» TASK PROMPT: The reply should hold every line of the listing exactly, and none of its images.

» GIVEN MATERIAL:
· · · ·

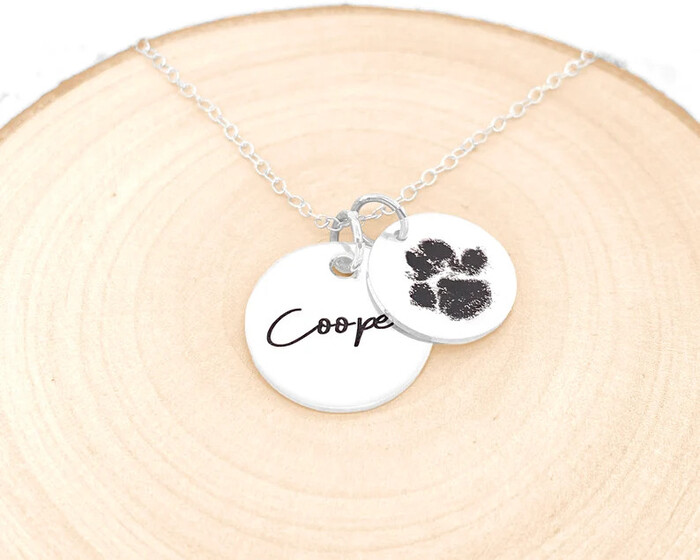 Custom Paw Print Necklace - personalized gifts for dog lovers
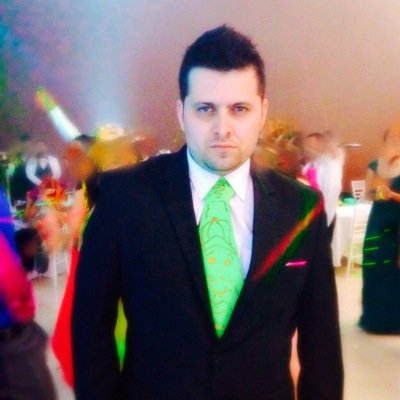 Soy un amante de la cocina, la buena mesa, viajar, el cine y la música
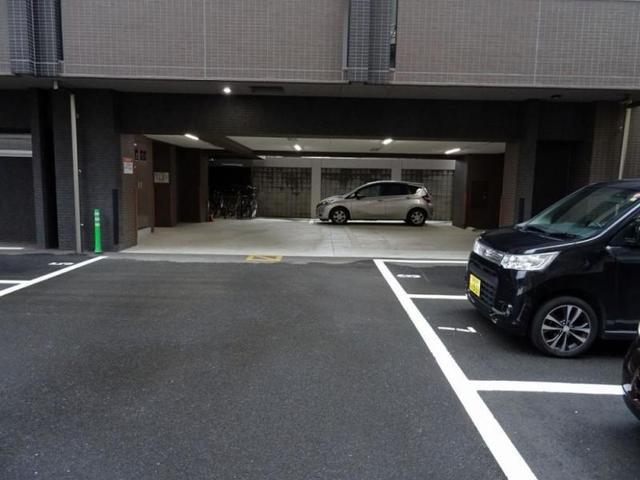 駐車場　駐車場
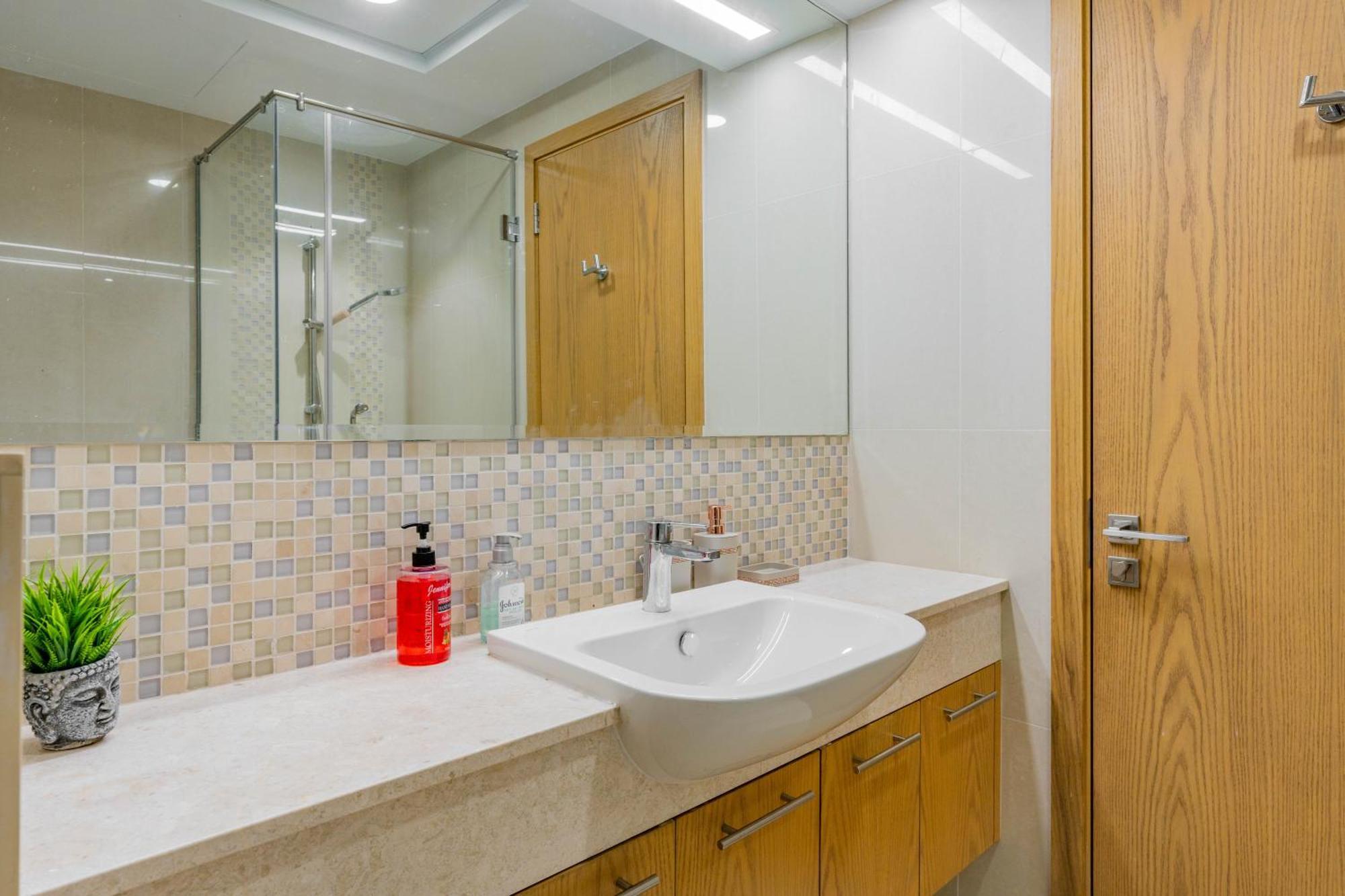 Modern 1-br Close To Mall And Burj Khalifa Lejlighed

· · · ·

» ANSWER TO THIS PROBLEM:
 Custom Paw Print Necklace - personalized gifts for dog lovers
 Soy un amante de la cocina, la buena mesa, viajar, el cine y la música
 駐車場　駐車場
 Modern 1-br Close To Mall And Burj Khalifa Lejlighed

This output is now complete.